|< в начало << назад к содержанию вперед >> в конец >|

Константин Иванов

УМИЛОСТИВЛЕНИЕ И ГНЕВ

1. Православие более неопределенно и широко, чем западные христианские вероисповедания. Оно отрешено от многих проблем современной жизни, более обобщенно и просто, менее оформлено. Его нельзя формально противопоставлять западным конфессиям. Сложившись в первое тысячелетие христианства, задолго до того как западные конфессии обрели современный вид, православие догматически не развивалось, не реагировало на новые проблемы и не принимало новых решений, благодаря которым западные конфессии определились и отделились друг от друга.

Некоторые православные богословы говорят: «Православие нельзя объяснить - в нем надо жить». Нельзя удовлетвориться таким «экзистенциальным» определением, но оно характерно.

Верно и то, что современное русское православие выражает себя преимущественно литургически. Таинства Церкви занимают исключительно большое место в духовной жизни православных. Обряды, иконы, различные формы богослужения берут на себя роль вероучения - порой за счет внимания к нему.

Иногда православие, что также надо иметь в виду, подается в каком-то оригинальном виде, после чего может резко и даже агрессивно противопоставляться другим конфессиям. Оно своевольно дополняется личными соображениями автора, а потом также своевольно противопоставляется инославию. Роль такого автора может исполнять и местная традиция.

Основательнее позиция, указывающая на святоотеческую литературу как на богатый источник православных истин и критерий православности. Но понятие «отцы церкви» слишком широко. В конкретном обсуждении богословских вопросов его приходится избирательно ограничивать. Это, однако, не отмечается, поскольку продолжают ссылаться в общем виде на авторитет «отцов церкви». Частное мнение или отдельное предание снова подменяют основную православную традицию. Вл. Соловьев видел в этом «протестантизм местного предания». Но это, разумеется, не протестантизм, открыто заявивший о себе с XVI века, а нечто скрытое и двусмысленное. Подлинная основа православия отличается от местных, национальных, новых частных преданий. Она ограничена кратким комплектом догматов первых семи вселенских соборов неразделенной церкви. Просто указать на эту основу. Трудно удержаться в ее границах, решая наши новые проблемы. Совершенно невозможно оставаться в границах этой основы, если хочешь критиковать инославных.

Это относится и к православной сотериологии.

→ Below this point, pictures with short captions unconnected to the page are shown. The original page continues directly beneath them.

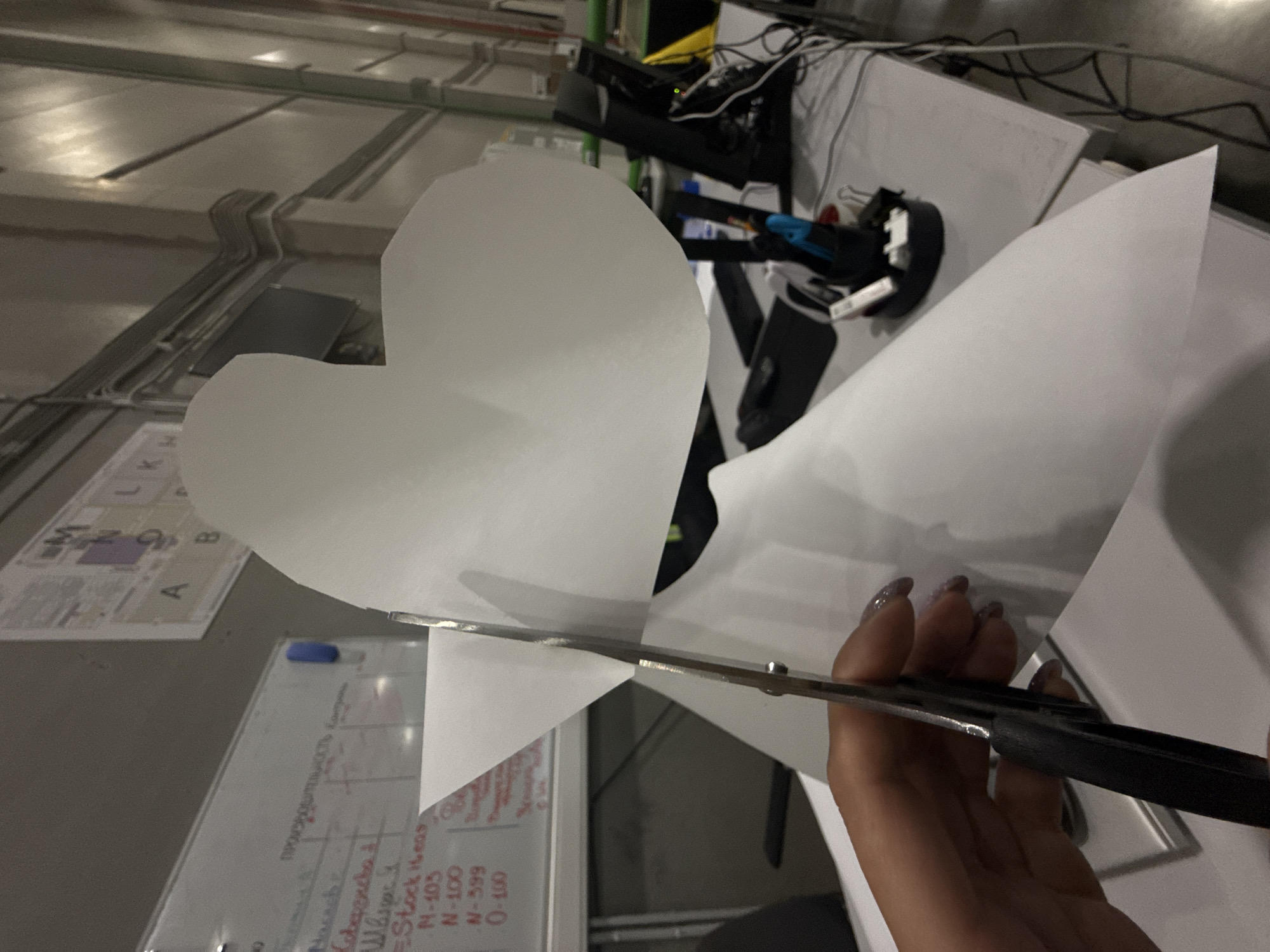 A person is using scissors to cut a white heart shape out of a sheet of white paper. The scene is indoors, likely an office or workshop environment, as indicated by the whiteboards with text in what appears to be Russian, and other office supplies visible on the white desk. There are no landmarks or signs indicating that the location is Lupanovo, Russia. The ceiling is unfinished.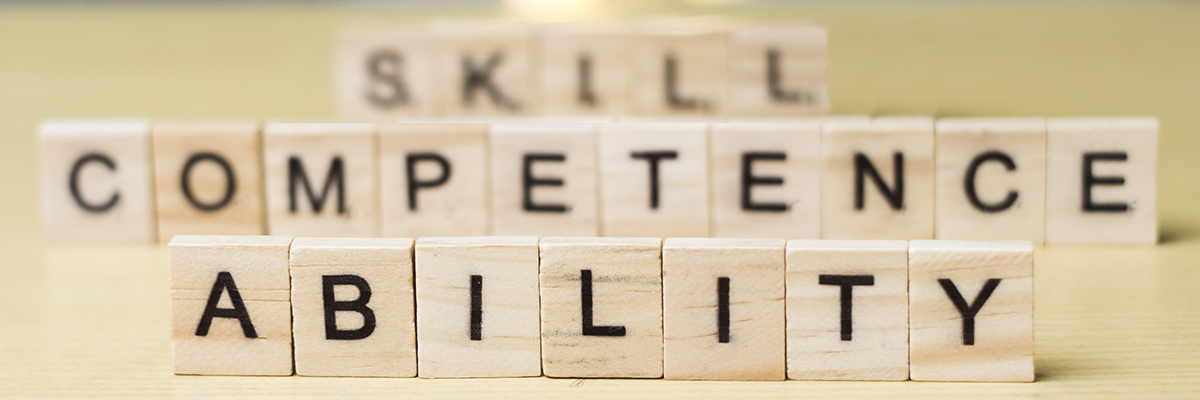 Scrabble game letters spelling: Skill, Competence, Ability
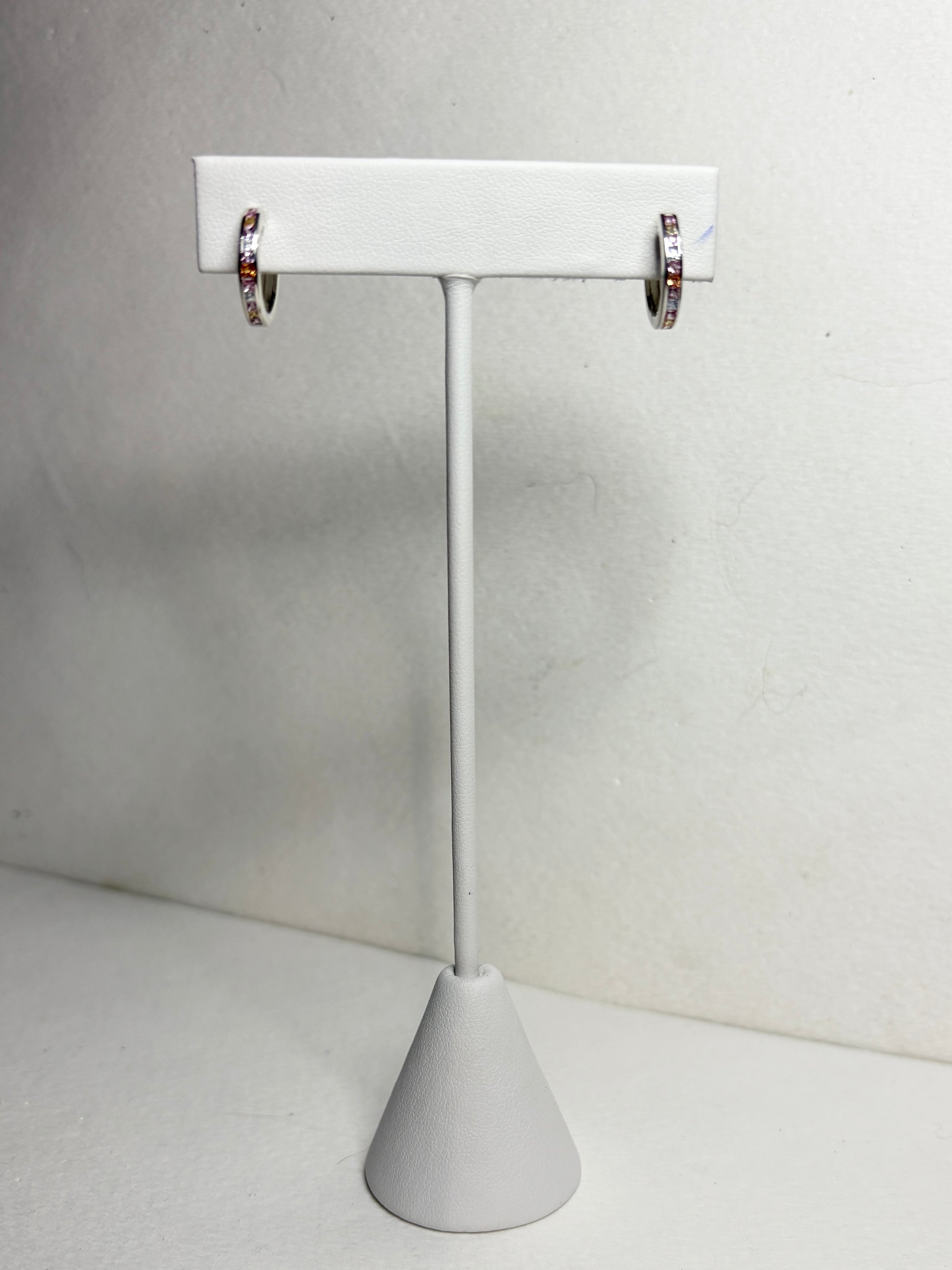 Sterling silver huggie hoop earrings with princess-cut multi-color sapphires.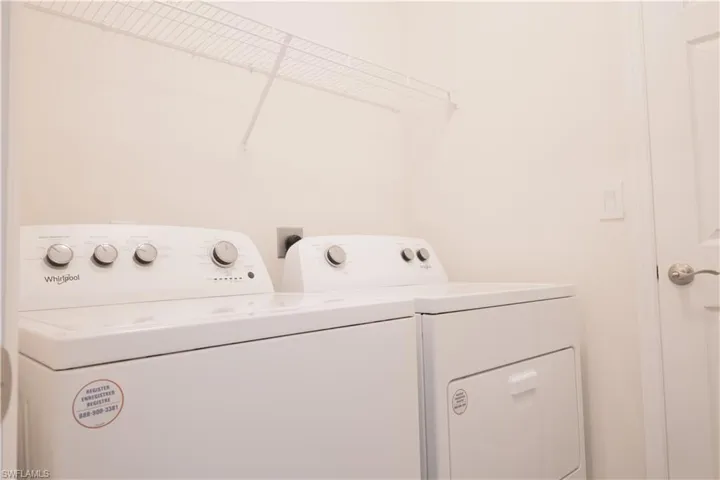 Laundry room with laundry area and washer and clothes dryer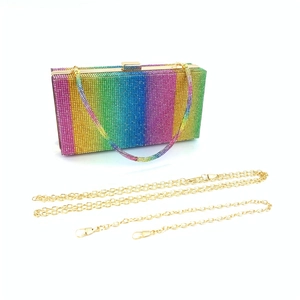 Detailed view of rectangular clutch bag with rainbow rhinestones and gold metal chains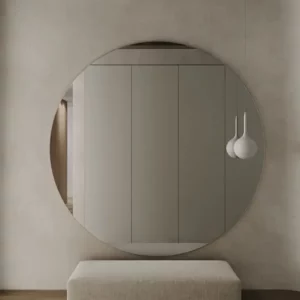 Frameless round bathroom mirror without a light and polished edge.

2. Православная традиция продолжает жить в современном мире с его вопросами. К ней обращаются за ответом. Что может она ответить? Легко сказать: «Мы должны творчески решать новые проблемы на основе православия». Но что это значит? Православные могут обсуждать любые проблемы, могут принимать личные или поместные решения, но не могут ни одной буквы добавить к уже состоявшейся догматической основе своего вероисповедания. У православия просто нет для этого догматического органа - ни вселенского собора, ни Папы, ни права решать каким-то иным путем догматический вопрос. Это обстоятельство в свое время энергично отметил Вл. Соловьев. Добавить надо, что таким образом у православия остается единственная возможность развиваться и решать новые вопросы - в форме свободной мысли или философии. Сам Вл. Соловьев этим преимущественно и занимался - но не как богослов, а как философ. Он уверенно пытался построить сначала православную, а потом христианскую философию. Но что он построил? Не пропали ли в его философии «всеединства» и «богочеловечности» основы христианства? Вызывают сомнения его учения о творении мира и о грехопадении... Но главное: чем может быть православная или христианская философия согласно его замыслу «оправдать веру отцов»? Сначала надо осудить или дискредитировать «веру отцов», чтобы ее оправдывать. И здесь речь не об одном Вл. Соловьеве.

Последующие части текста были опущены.